We have an ArcGIS 10.5.1 environment with a number of connected one way replicas (SQL Server 2016). Since October we have had issues with our replicas hanging when synchronizing - to the point where we have to cancel the sync and force close ArcMap and/or Catalog. Here are the things we have noticed:
1) We sometimes have multiple replica versions stuck in the sde_versions table associated with one replica. This means we are unable to do a full compress (almost like orphaned replicas, but associated with registered replicas). We have made copies of the databases and messed with the sde_versions table in a dev environment, but as expected this ends up corrupting the replica.
2) Sometimes a replica hangs on one table and we try it again the next day, it's still doesn't work, but within a few days we try it and it suddenly magically syncs.
3) We did not have a consistent maintenance program - but since this problem has started we have recognized the need to fully compress, rebuild indexes, update statistics, etc and have become more consistent (especially when synchronizing replicas).
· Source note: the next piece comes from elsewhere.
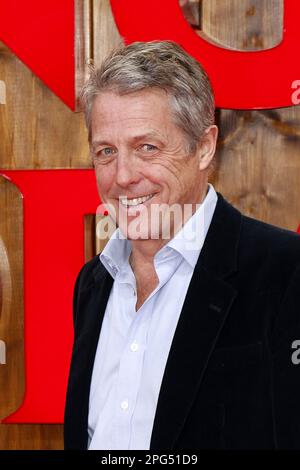 Hugh Grant partecipa al "Dungeon and Dragons: Honor Among Thieves" Premiere Zoo Palace il 20 marzo 2023 a Berlino, Germania. Foto Stock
4) We are not synchronizing TONS of changes.
5) We have tried using disconnected synchronization (data export to XML and importing the XML to the child replica) but it hangs on the same table as connected synchronization does. Also, it's not always failing on one specific table. For example, if a replica hangs on a feature class called "Mains" and then we finally recreate the replica to fix it, the next time it fails it may fail on a different feature class all together.
6) We are not able to constantly recreate the replicas, since they feed our critical web services and our Leadership does not want us to use our production databases for serving web services.
Any thoughts, feedback, anyone experience the same issue? We are all out of ideas here.
I had this happen to me once. The issue was related to a relationship class we had. One table had orphan records which the other did not have a counterpart for. This caused the sync on the replica to spin and spin until it finally just timed out. When I deleted the orphans, it starting working again without issue. ESRI support wasn't much help here and I just had to do trial and error to until I found the issue. I have heard this also can happen if you have a bad geometry value in one of the records.